Without Ironwood, Gemini 4 at consumer scale isn’t economic. Ironwood is the silicon that lets Google ship Gemini 4 as the default model on Android, Search AI Mode, and the Gemini app.
How to use Ironwood
- Cloud: Ironwood TPUs are part of Google’s AI Hypercomputer architecture on Google Cloud.
- Orchestration: TPU7x requires Google Kubernetes Engine (GKE) — no direct VM access.
- Frameworks: JAX is the supported framework. TensorFlow is not supported on TPU7x.
- Workloads: best for inference at scale; also good for large training jobs that can use JAX.
- Cost: competitive with NVIDIA H200 cloud instances for inference workloads at scale (subject to negotiation for large reserves).
Strengths
- Pod-scale inference — no NVIDIA cluster gives you 1.77 PB shared HBM today.
- HBM per chip — 192 GB at FP8 fits very large dense models.
- Perf-per-watt — best in class for production serving.
- First-party integration — Gemini 4 + Ironwood + Vertex AI is a coherent stack.
Weaknesses
- JAX-only — TensorFlow on TPU7x isn’t supported. PyTorch users have to use PyTorch/XLA (rough edges) or move to NVIDIA.
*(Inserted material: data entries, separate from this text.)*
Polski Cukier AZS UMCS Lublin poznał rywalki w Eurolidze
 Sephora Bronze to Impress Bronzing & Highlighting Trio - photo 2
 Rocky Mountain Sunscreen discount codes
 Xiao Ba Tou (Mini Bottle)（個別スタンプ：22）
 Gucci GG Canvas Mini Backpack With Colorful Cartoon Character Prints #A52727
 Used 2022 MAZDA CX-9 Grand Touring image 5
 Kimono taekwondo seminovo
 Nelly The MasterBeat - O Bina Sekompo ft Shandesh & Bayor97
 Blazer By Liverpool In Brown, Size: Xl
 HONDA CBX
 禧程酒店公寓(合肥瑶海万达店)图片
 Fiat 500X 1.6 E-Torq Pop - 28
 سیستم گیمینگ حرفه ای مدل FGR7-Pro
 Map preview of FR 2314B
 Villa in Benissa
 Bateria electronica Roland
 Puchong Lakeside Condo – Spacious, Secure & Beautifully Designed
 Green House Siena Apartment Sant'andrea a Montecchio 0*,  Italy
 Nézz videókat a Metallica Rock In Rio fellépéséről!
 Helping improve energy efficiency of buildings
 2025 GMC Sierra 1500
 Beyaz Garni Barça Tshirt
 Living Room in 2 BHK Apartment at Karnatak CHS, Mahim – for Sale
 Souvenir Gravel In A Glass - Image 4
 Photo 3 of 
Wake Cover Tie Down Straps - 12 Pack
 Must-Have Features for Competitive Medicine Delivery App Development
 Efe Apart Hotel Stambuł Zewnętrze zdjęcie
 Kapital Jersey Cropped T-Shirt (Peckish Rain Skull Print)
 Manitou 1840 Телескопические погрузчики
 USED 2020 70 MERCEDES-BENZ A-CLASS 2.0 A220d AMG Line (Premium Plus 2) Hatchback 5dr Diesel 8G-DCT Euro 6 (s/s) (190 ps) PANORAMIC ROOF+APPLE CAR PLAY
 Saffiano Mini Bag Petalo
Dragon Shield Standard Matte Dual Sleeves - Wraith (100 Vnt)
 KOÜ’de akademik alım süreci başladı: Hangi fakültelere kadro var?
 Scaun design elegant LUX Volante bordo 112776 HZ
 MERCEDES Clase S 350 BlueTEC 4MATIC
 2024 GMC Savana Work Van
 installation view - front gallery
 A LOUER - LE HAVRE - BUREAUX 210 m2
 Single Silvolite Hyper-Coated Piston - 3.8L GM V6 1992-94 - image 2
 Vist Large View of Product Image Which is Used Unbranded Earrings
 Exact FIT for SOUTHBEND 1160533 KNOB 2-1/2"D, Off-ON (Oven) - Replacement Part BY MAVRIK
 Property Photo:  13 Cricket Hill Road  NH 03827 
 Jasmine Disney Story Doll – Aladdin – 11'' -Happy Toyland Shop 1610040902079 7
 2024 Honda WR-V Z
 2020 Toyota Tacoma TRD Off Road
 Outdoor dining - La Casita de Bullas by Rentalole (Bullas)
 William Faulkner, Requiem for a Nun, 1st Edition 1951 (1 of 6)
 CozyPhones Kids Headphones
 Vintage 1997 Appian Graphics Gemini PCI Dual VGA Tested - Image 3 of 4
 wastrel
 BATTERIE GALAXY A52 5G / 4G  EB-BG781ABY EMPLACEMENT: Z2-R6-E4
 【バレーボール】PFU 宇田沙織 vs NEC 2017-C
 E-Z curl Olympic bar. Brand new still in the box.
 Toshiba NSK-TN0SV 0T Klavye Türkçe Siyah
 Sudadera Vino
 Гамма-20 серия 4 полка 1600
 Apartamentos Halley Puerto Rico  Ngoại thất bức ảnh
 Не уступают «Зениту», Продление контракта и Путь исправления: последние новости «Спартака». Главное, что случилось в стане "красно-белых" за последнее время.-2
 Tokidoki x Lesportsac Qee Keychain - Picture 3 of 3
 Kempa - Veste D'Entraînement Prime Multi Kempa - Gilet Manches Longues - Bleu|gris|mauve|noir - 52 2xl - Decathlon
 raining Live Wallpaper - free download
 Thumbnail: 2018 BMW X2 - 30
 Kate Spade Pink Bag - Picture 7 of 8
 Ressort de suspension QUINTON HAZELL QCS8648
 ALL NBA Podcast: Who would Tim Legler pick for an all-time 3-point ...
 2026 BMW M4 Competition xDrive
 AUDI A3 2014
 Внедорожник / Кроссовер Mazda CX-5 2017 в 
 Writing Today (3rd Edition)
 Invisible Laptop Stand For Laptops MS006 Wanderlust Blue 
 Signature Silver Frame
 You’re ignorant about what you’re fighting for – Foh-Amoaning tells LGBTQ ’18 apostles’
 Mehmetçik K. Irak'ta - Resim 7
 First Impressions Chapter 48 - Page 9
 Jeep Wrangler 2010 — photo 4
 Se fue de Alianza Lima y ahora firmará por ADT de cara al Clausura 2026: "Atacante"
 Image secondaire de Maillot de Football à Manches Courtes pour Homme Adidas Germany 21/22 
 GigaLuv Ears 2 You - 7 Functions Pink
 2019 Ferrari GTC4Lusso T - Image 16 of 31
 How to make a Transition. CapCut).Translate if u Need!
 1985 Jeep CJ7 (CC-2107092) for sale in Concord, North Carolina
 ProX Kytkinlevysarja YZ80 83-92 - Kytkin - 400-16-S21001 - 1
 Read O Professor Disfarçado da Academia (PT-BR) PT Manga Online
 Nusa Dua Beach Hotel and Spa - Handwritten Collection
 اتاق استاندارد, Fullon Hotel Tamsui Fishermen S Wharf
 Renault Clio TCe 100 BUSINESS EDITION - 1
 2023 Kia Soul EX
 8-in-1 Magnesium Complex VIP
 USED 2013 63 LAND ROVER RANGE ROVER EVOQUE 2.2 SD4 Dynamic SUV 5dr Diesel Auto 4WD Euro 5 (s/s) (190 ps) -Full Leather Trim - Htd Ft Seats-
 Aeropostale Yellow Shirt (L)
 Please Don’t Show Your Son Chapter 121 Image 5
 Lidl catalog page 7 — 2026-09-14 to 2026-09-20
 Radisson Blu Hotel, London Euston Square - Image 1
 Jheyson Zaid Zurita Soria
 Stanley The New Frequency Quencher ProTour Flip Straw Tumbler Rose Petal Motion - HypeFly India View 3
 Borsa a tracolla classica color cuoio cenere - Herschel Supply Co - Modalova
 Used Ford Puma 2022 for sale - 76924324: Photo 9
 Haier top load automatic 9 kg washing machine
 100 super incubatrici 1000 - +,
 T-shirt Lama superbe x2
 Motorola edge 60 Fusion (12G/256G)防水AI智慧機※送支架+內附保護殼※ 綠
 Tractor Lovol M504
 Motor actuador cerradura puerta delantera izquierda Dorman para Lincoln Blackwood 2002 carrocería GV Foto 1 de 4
- GKE-only — no direct VM access; you’re committing to Kubernetes.
- Vendor lock-in — only via Google Cloud.
- Software ecosystem — CUDA still rules third-party model availability.
TL;DR
Ironwood (TPU7x) is the silicon behind Gemini 4 — 4,614 TFLOPs FP8 per chip, 192 GB HBM, 9,216-chip pods sharing 1.77 PB of memory. It’s Google’s strongest hardware response to NVIDIA Blackwell at hyperscale inference, and it’s the reason Gemini 4 can ship 10M-token context to billions of users economically.